--- Exercise inputs ---
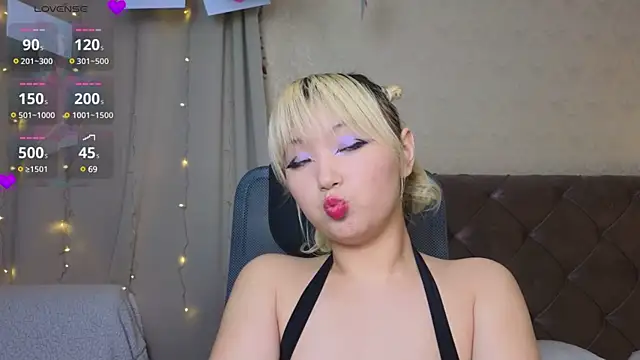 Milla Aheo online show from 17, 2, 2025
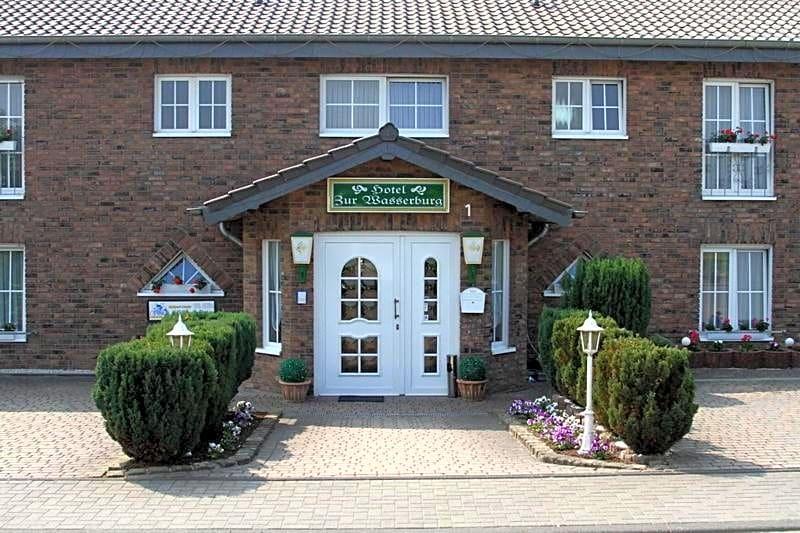 Hotel Zur Wasserburg image
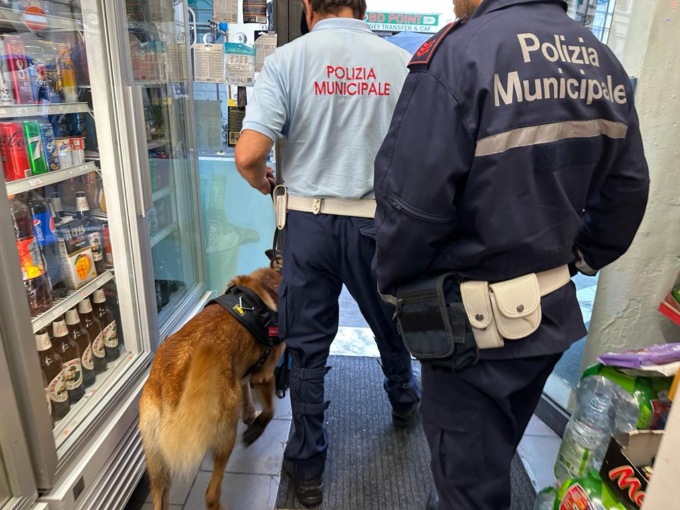 Firenze, sequestrati un etto di hashish e due grammi di cocaina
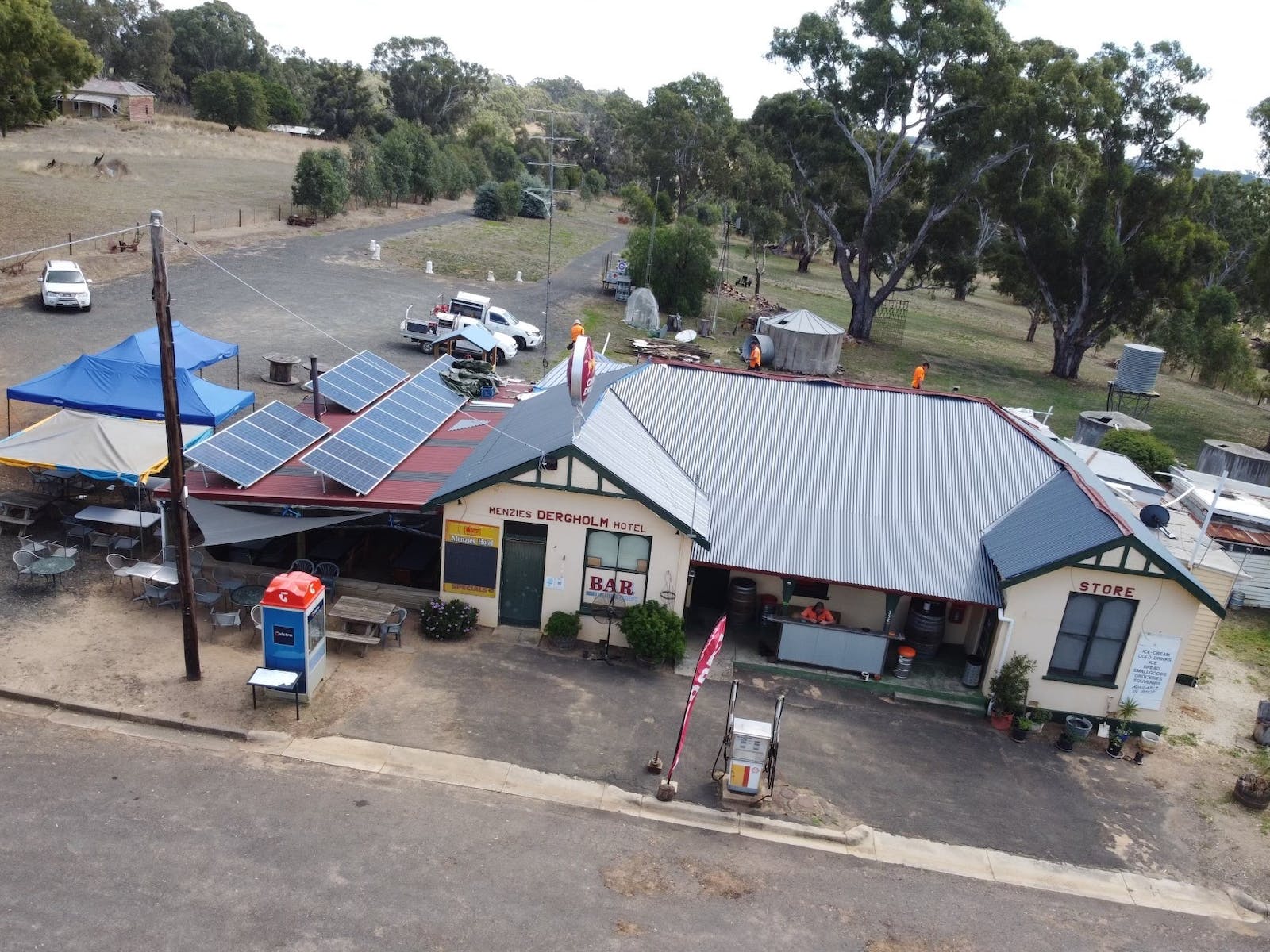 Dergholm Pub  shows area where free camping is available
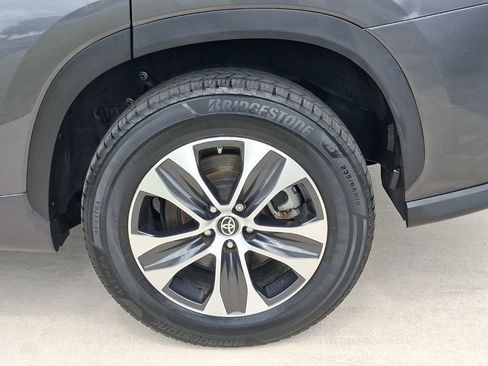 Used 2022 Toyota Highlander XLE FWD image 7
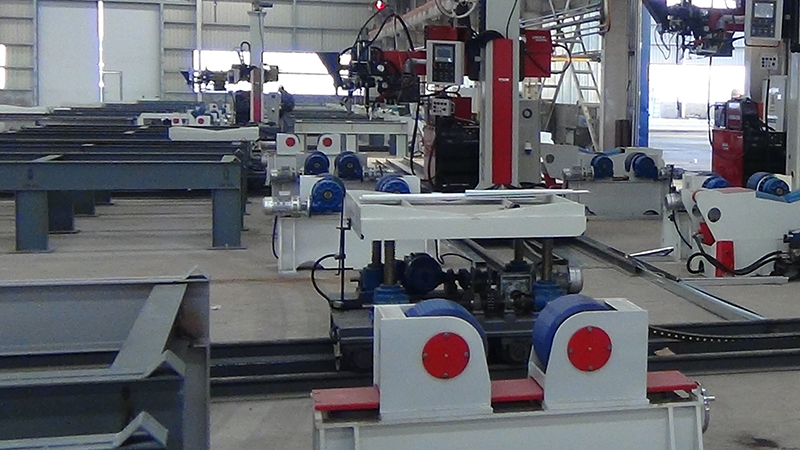 管管输送回转组对中心(图2) 管管输送回转组对中心(图2)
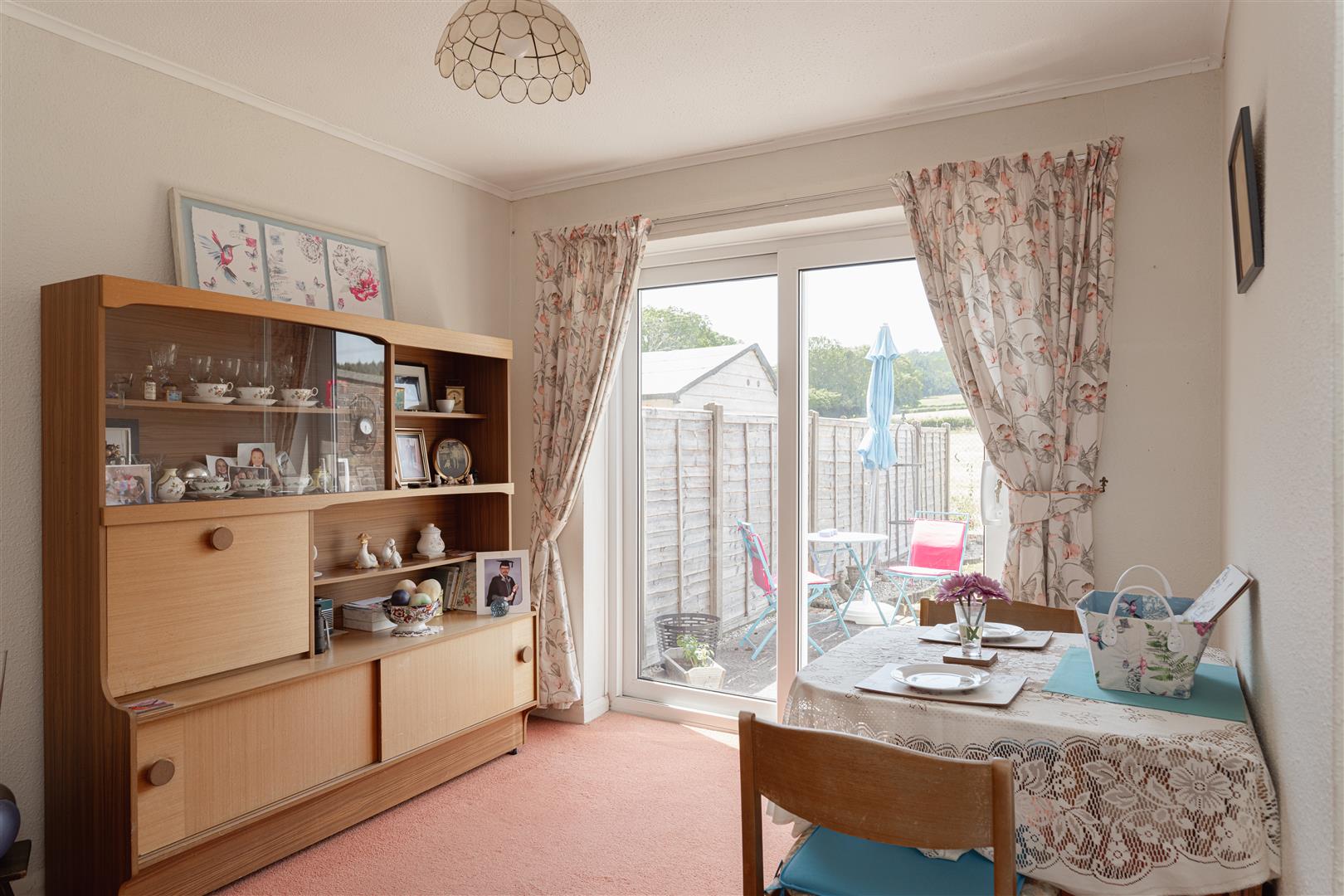 Warwick Close, Holmwood, Dorking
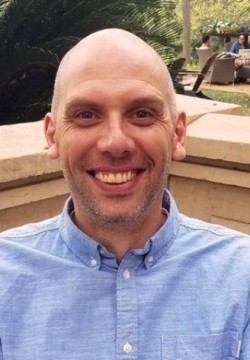 Йон Экстранд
---
- _Activity_
From the first line of the material to the last, retype everything exactly except the images.

- _Written response_
 Milla Aheo online show from 17, 2, 2025
 Hotel Zur Wasserburg image
 Firenze, sequestrati un etto di hashish e due grammi di cocaina
 Dergholm Pub  shows area where free camping is available
 Used 2022 Toyota Highlander XLE FWD image 7
 管管输送回转组对中心(图2) 管管输送回转组对中心(图2)
 Warwick Close, Holmwood, Dorking
 Йон Экстранд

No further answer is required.